* INFORMATION SHOWN *
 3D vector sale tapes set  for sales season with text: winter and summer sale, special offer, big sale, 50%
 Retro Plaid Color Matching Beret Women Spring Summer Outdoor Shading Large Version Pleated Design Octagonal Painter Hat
--
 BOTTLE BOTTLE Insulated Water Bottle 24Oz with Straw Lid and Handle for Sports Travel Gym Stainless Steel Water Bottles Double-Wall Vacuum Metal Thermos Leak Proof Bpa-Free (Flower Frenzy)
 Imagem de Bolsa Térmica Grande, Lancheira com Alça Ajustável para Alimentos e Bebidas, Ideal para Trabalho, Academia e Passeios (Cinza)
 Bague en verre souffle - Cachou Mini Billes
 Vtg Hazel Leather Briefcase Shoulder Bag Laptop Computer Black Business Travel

* YOUR TASK *
Set down only the lines above that fall between the line holding "3D vector sale" and the line holding "Retro Plaid Color", inclusive, keeping each exact.

* EXERCISE OUTPUT *
 3D vector sale tapes set  for sales season with text: winter and summer sale, special offer, big sale, 50%
 Retro Plaid Color Matching Beret Women Spring Summer Outdoor Shading Large Version Pleated Design Octagonal Painter Hat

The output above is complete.